• WHAT IS EXPECTED:
Write out exactly the lines from the one with "Монета 20 липа Хорватия 2005 г" through the last line of the data below, but not the pictures.

Start of DATA PROVIDED

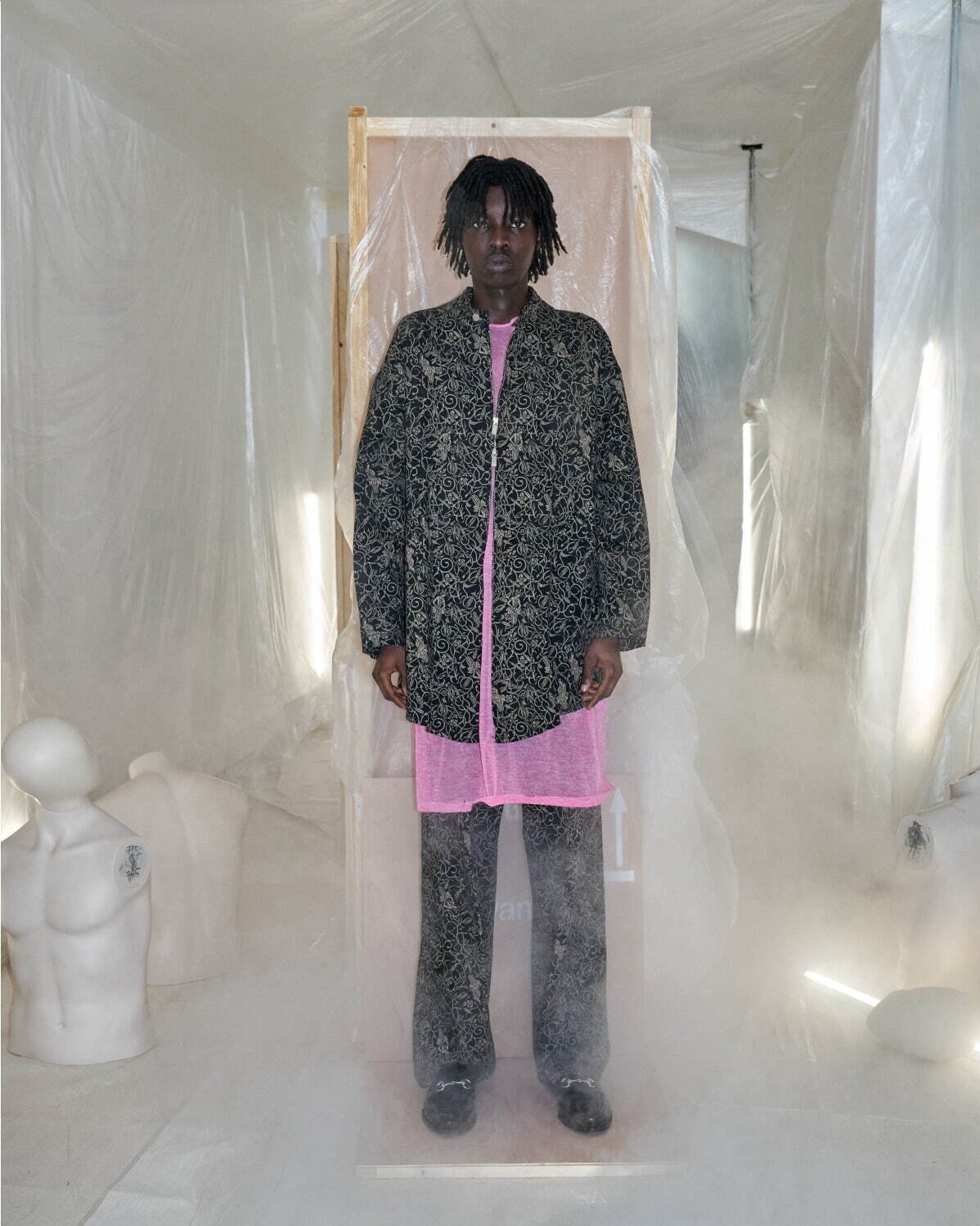 サルバムの25年春夏新作、“藍染風ジャカード”アシメジャケット＆シアー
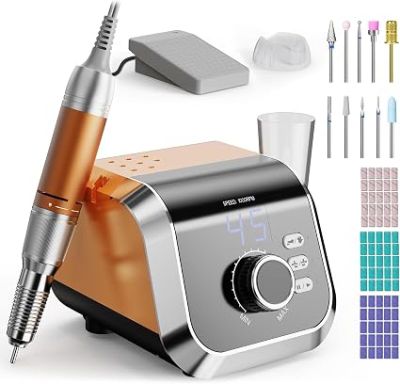 une image montrant un gros plan d'une machine équipée d'un stylo et de divers outils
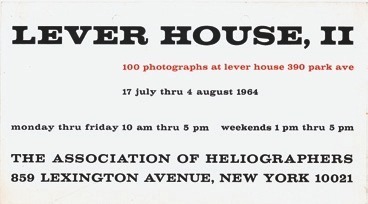 Descrição da imagem: Um cartão postal com fundo cinza claro, com letras em preto e vermelho com as frases posicionadas de cima para baixo: “Lever House II", "100 photographs at lever house 390 park ave", "17 july thru 4 august 1964", "monday thru friday 10 am thru 5 pm, weekends 1 pm thru 5 pm", "The association of heliographers 859 Lexington avenue new york 10021". Fim da descrição.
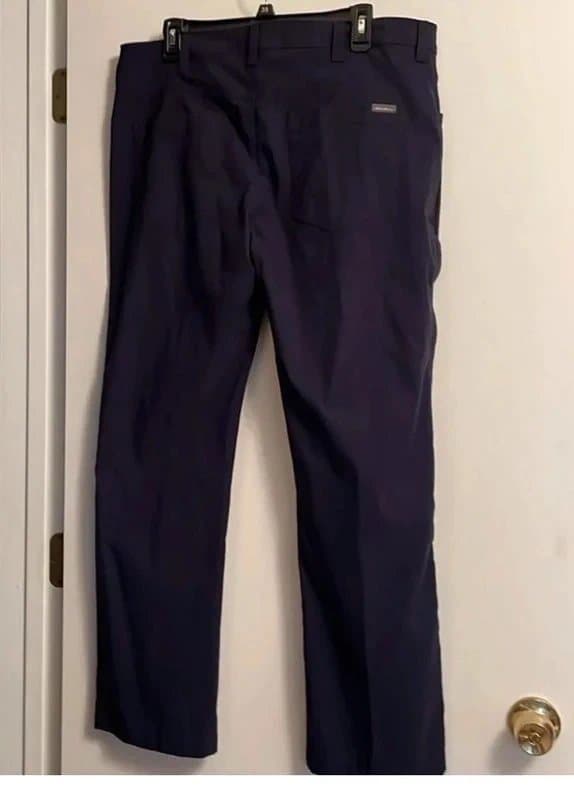 Eddie Bauer Eddie Bauer men’s navy pants. Size 38x30. Zippered front. Front and back pockets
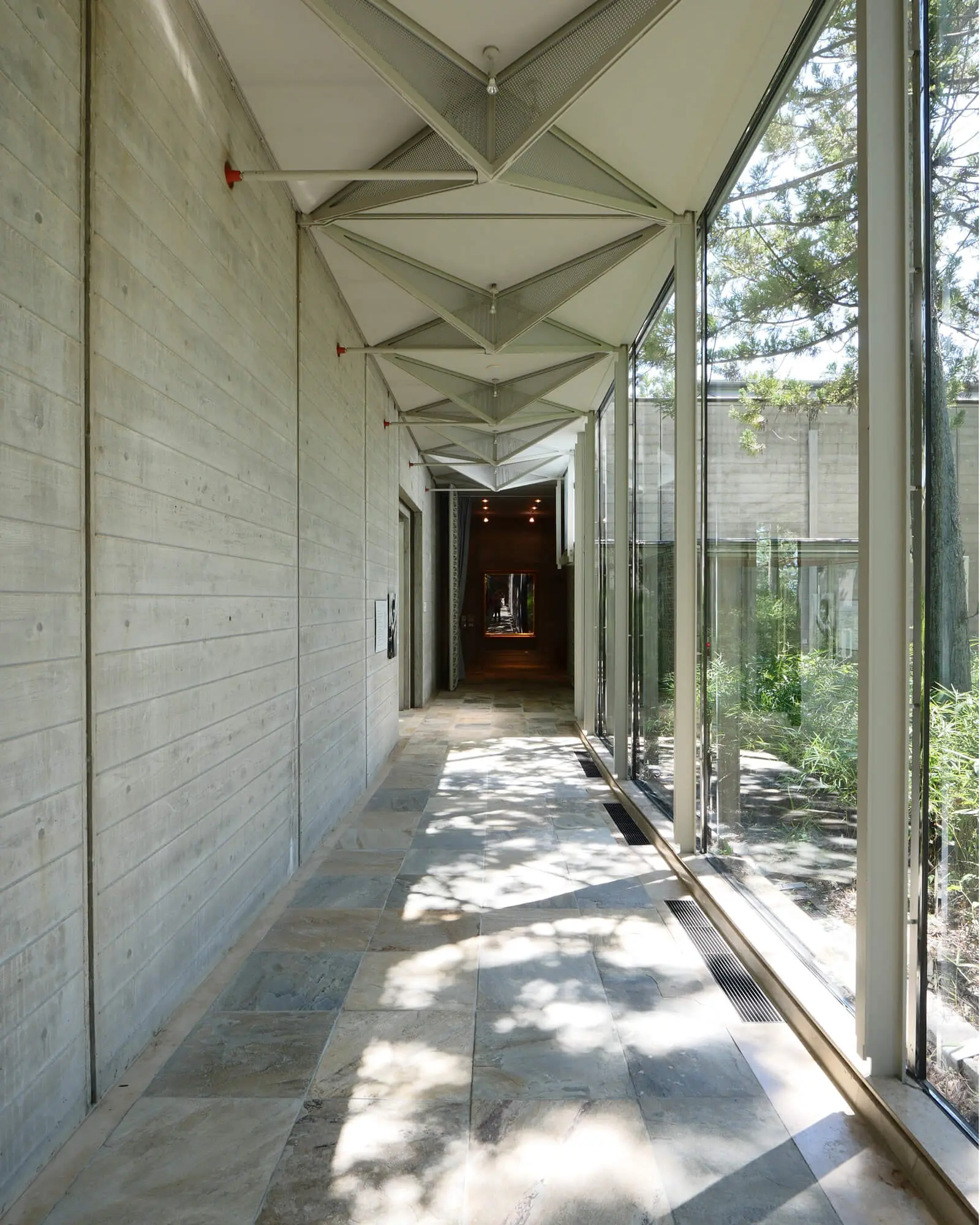 酒田市立美術館｜常設展示室Ⅱへの廊下｜山形県の有名建築｜住宅/ビル/マンション設計者の建もの探訪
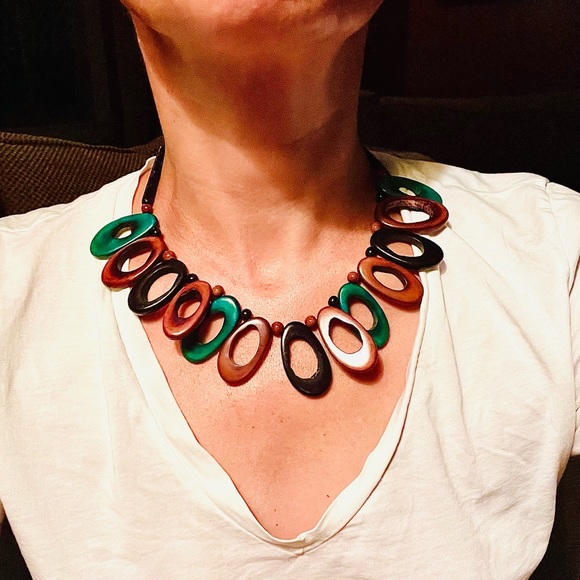 Vintage Nut seed Over dyed oval necklace. Absolutely stunning. Pristine. - Picture 7 of 8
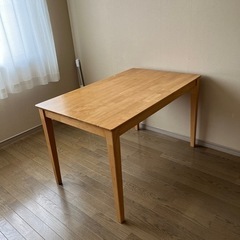 ダイニングテーブル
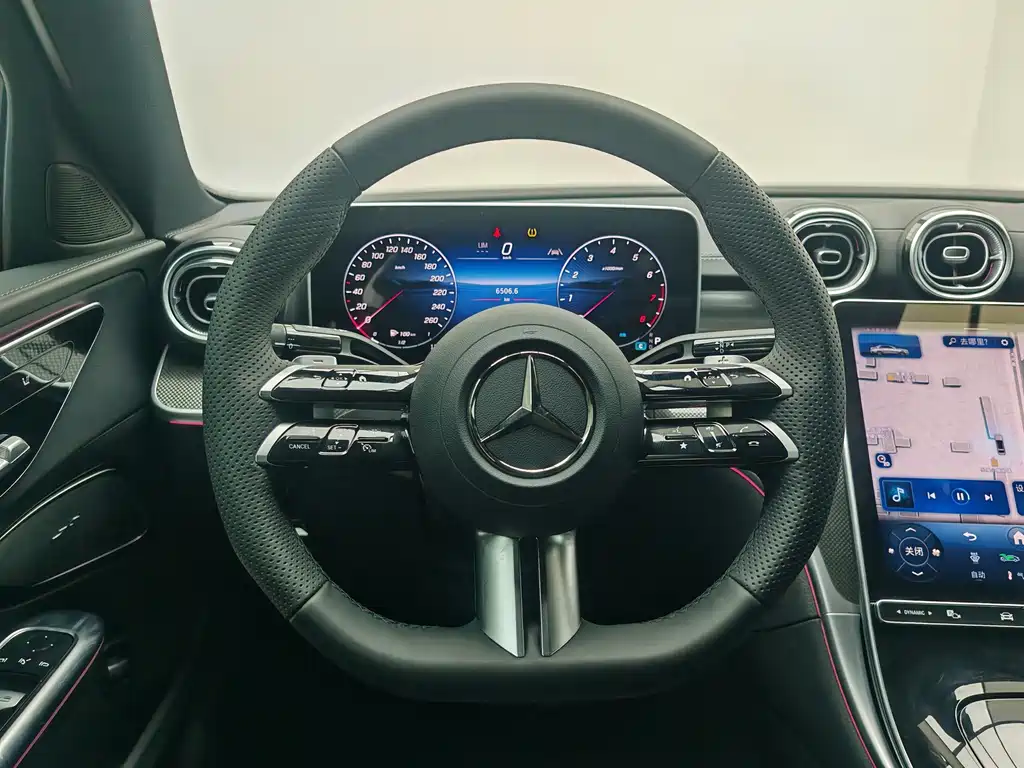 Mercedes-Benz C-Class — миниатюра 15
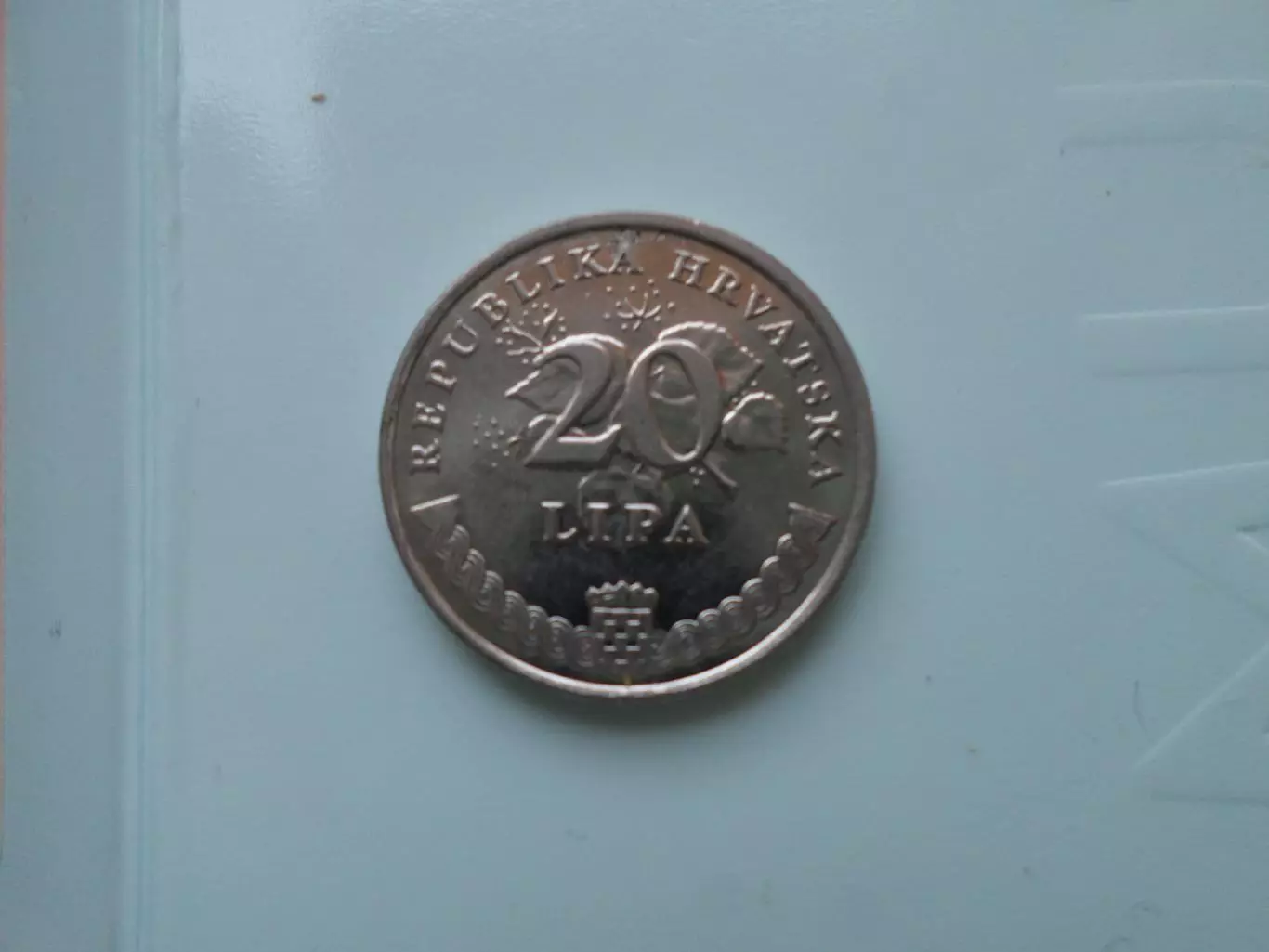 Монета 20 липа Хорватия 2005 г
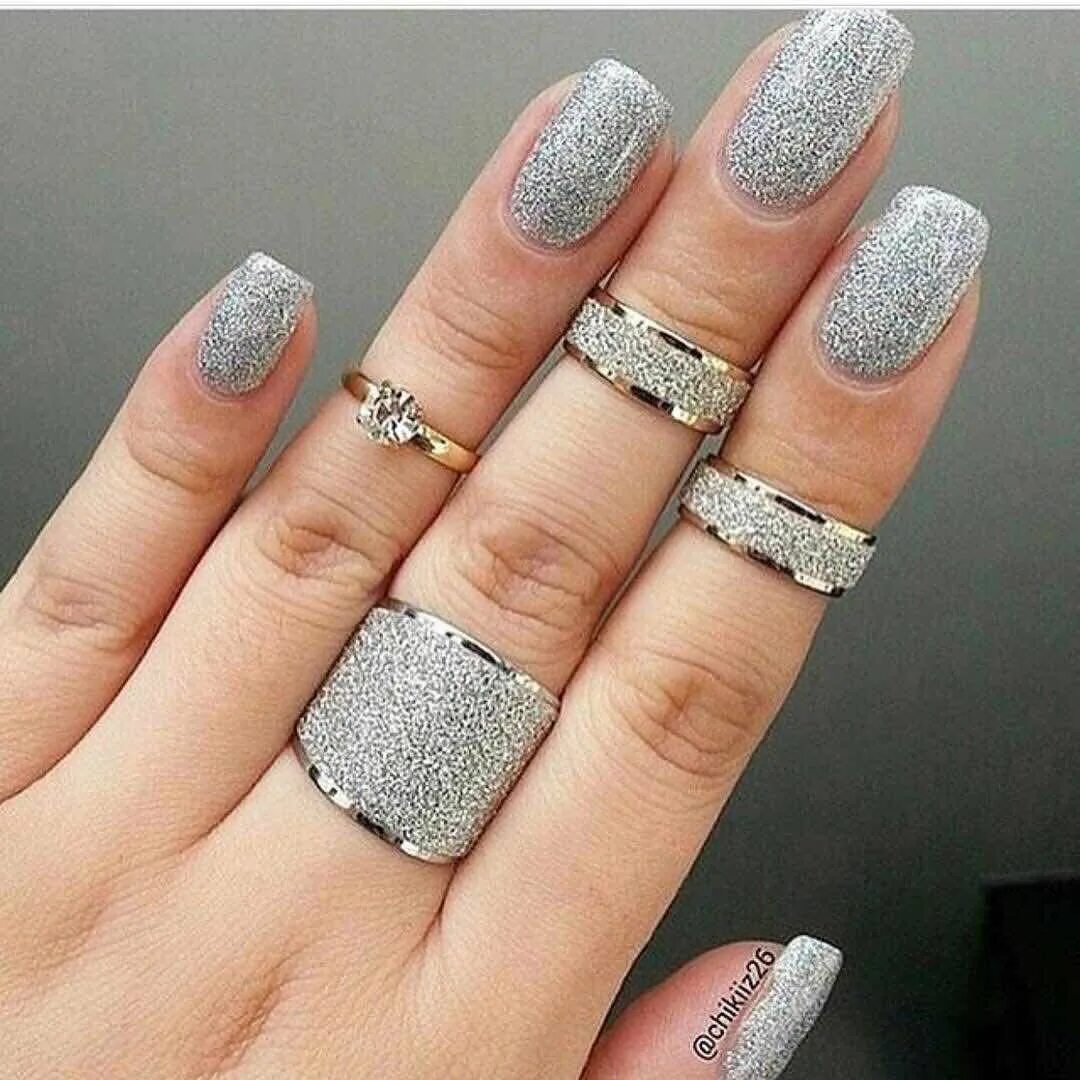 дизайн ногтей в серебристом цвете. белочеребристый маникюр. серебристый маникюр. маникюр серый с серебром. дизайн ногтей в серебристом цвете.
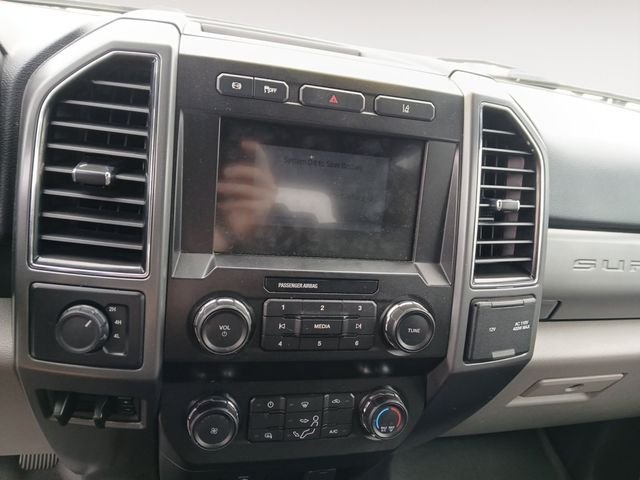 Used 2020 Black Ford XLT image 9
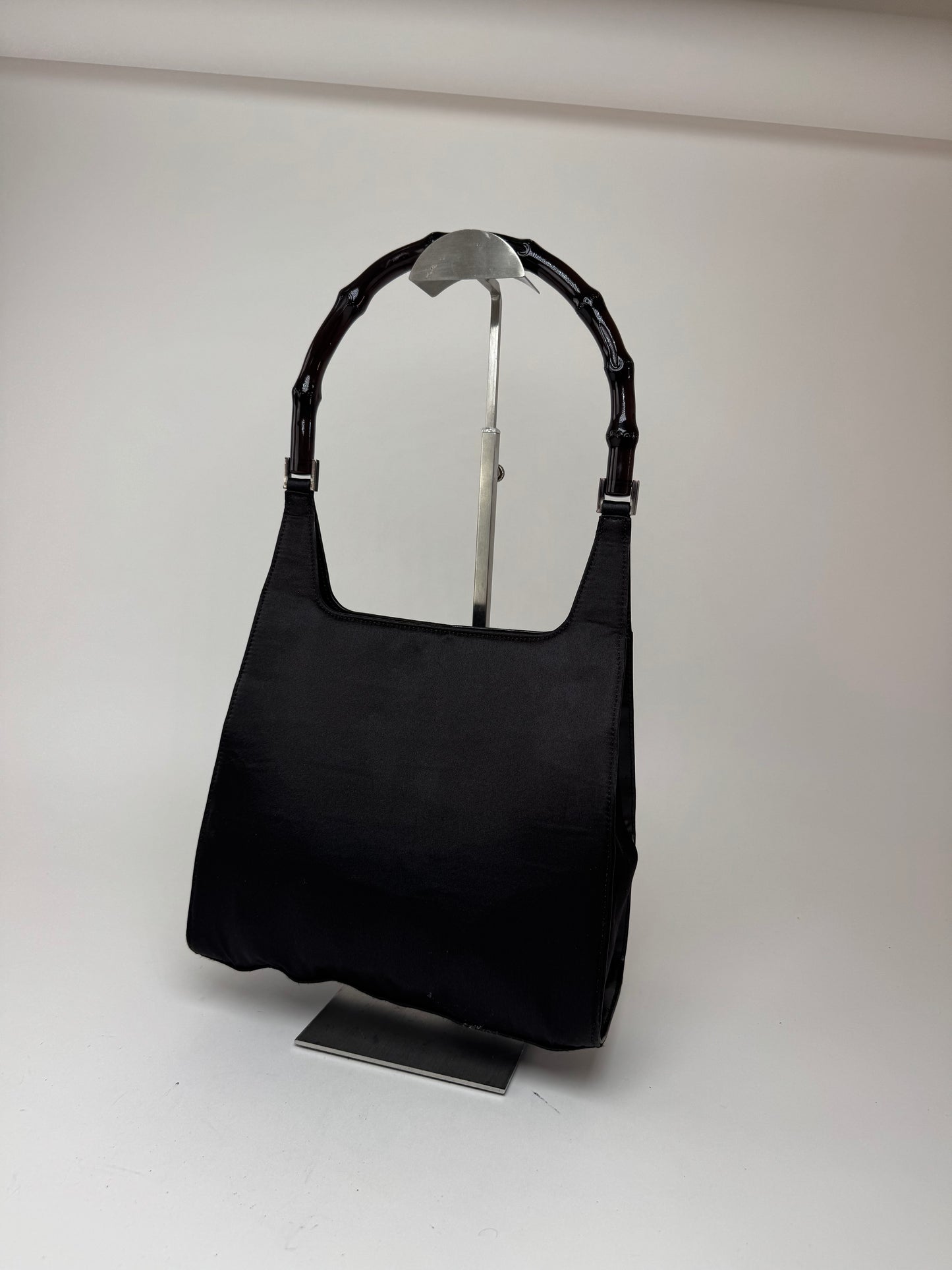 Sac Gucci vintage en bambou violet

End of DATA PROVIDED

• EXERCISE OUTPUT:
 Монета 20 липа Хорватия 2005 г
 дизайн ногтей в серебристом цвете. белочеребристый маникюр. серебристый маникюр. маникюр серый с серебром. дизайн ногтей в серебристом цвете.
 Used 2020 Black Ford XLT image 9
 Sac Gucci vintage en bambou violet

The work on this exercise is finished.